- [WHAT THIS TASK INVOLVES]: Write out all the material verbatim, line by line.

- [RAW DATA]:
>>>

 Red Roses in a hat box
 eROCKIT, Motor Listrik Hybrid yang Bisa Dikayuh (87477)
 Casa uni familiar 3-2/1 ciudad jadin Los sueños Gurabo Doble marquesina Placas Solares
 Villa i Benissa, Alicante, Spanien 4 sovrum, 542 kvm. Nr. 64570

<<<

- [YOUR SOLUTION]:
 Red Roses in a hat box
 eROCKIT, Motor Listrik Hybrid yang Bisa Dikayuh (87477)
 Casa uni familiar 3-2/1 ciudad jadin Los sueños Gurabo Doble marquesina Placas Solares
 Villa i Benissa, Alicante, Spanien 4 sovrum, 542 kvm. Nr. 64570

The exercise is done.